Happy Haunts Definitely Come to Disneyland’s Halloween Time!

| October 29, 2009

Blah blah blah, Mickey’s Not So Scary Halloween Party, the best Halloween Disney has to offer, yada yada yada….. Enough I say!

It’s about time the Halloween festivities at Disneyland get some equal press in the Trick or Treating community! If you want some slightly spooky fun for the haunted holidays that the WHOLE family can enjoy – my girls and I say that Disneyland Halloween Time was the place to be this year.

Disney tries to set up the Halloween vibe from the very start of your tram experience. There are two vignettes featuring Minnie as a witch and Goofy and a host of Halloween spirits to taunt and beckon you on to the Esplanade.

When you get there and head for the main gate of Disneyland, along the tops of the turnstiles sit a host of giant pumpkins that are shaped like the heads of Disney’s most famous characters – Mickey and the rest of his gang! It’s a welcome greeting into the park that my little ones really love.
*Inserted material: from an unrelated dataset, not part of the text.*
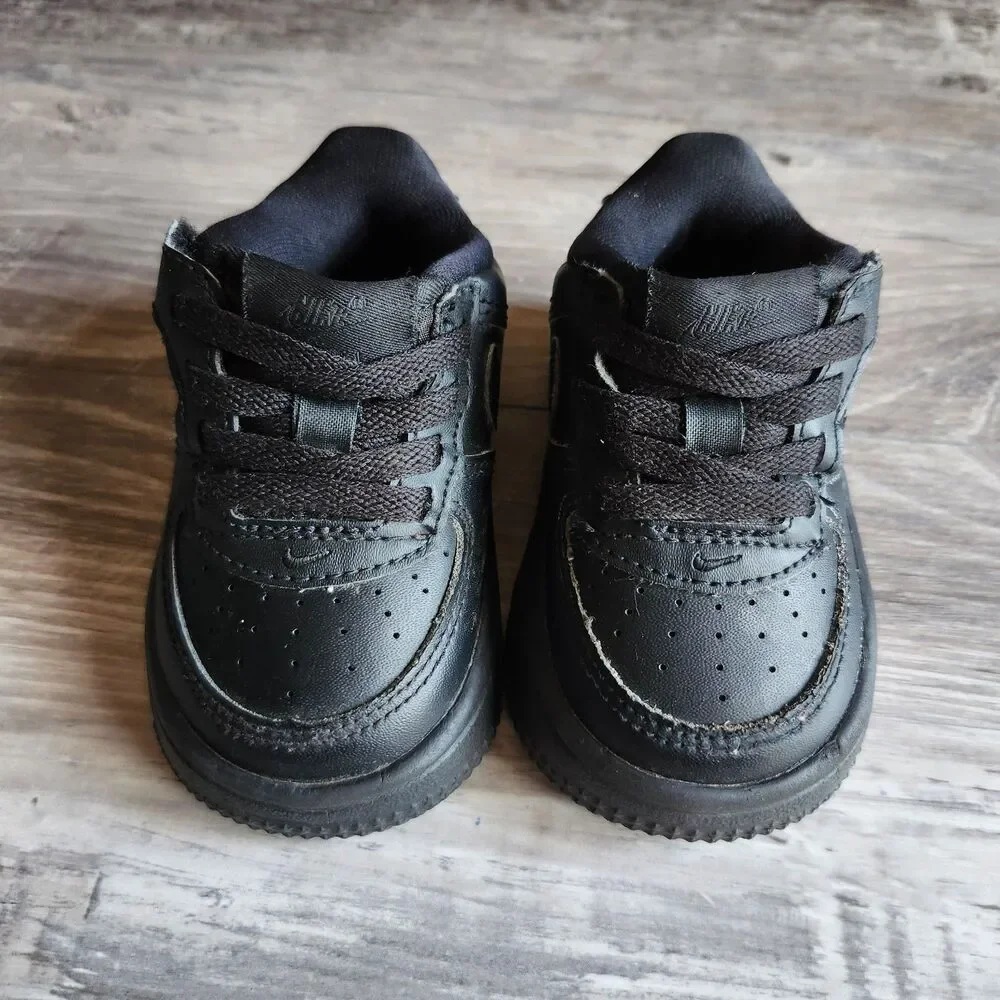 (Infant/ Toddler 3.5) Nike shoes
Unfortunately, Disney’s California Adventure’s gates are not quite as decked out this year – the giant Candy Corn letters have not made their appearance this year. For folks who have never been to DCA during October, it may not be missed, but since the days of the giant CALIFORNIA letters are numbered, it would have been nice to see. I always thought it was a perfectly balanced addition in the past. No matter – what counts is going through the gates, right?
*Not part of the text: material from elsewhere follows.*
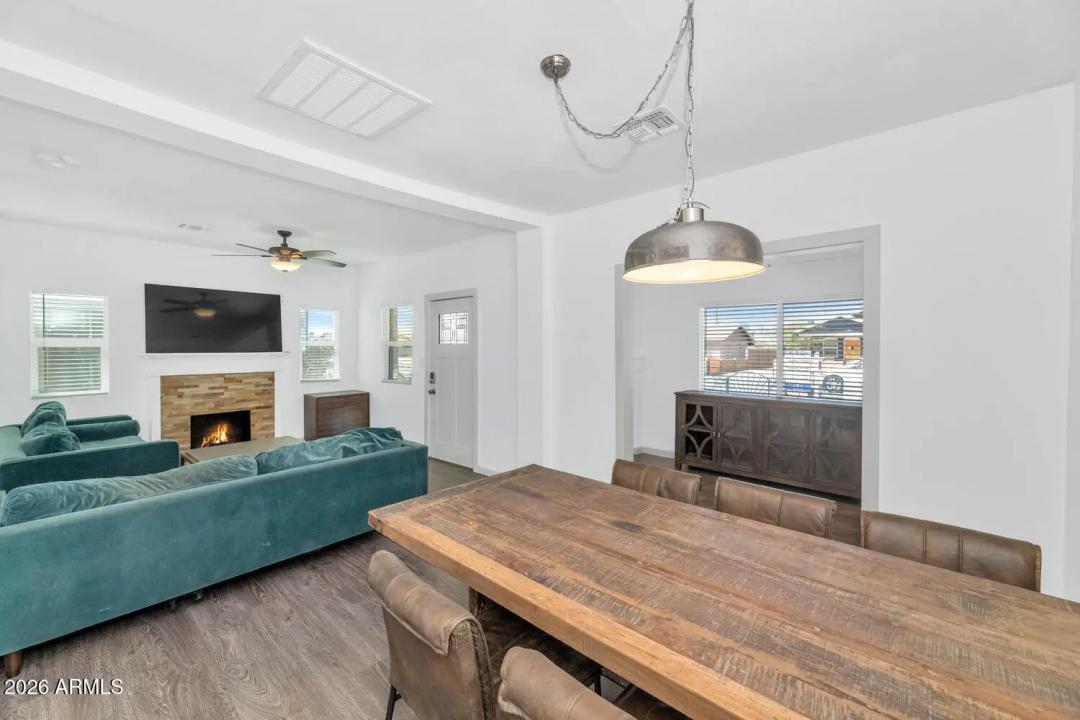 Real Estate Picture 10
First to California Adventure!

When you enter the gates, you are greeted with a transformed Sunshine Plaza.


Candy Corn Acres has sprung up, celebrating California agriculture at its finest – white, yellow, and orange triangles of sugary goodness growing everywhere!!!!

In the middle of the plaza lies the piece de resistance…. a giant 20 foot candy corn is inhabited by its biggest fan – Heimlich, the ever-chewing caterpillar from Disney/Pixar’s A Bug’s Life. If you time it right (or just wait for it) he’ll pop out to discuss the finer qualities of candy corn with the visitors below! If you don’t feel like waiting, Mr. PhotoPass Guy will definitely be there to capture your adoration of the stuff!

As you move through the park, I was really surprised that there isn’t too much that is obviously there for Halloween, especially considering that this is the park that hosts the Mickey’s Trick or Treat Party on several weeknights throughout the month of October.

The party, however, is another story. The park transforms in a short period into a place of happy haunts. Of course, there are scarier areas – like over by Tower of Terror, but even that doesn’t rank a PG-13. This party is definitely for the younger set, the one that isn’t into seeing chainsaws and blood. This party is about the fun, the candy, and – oh, yeah – the pirates and VILLAINS! The lighting and mood of the park changes, with the opening of the party. The Tower of Terror on the Hollywood Backlot comes to life, and all around the park, there are over 25 Trick or Treat stations, 3 dance parties (with character participation), and a host of character meets. There were several nights this year that were discounted for Annual Passholders and Disney Vacation Club members, as well as early purchasing discounts. The only real exceptions to this were the nights of October 30 and 31.

Everyone is invited to wear costumes (as long as they comply with the restrictions that Disney has set forth) and trick or treat bags are provided for those who didn’t remember to bring their own. There are lots of healthy snacks given as alternatives to the candy offered, and unlimited play of the Boardwalk games is included in the party admission price. This year, the prices ranged from a discounted AP price of $26 to the “day of” price of $39.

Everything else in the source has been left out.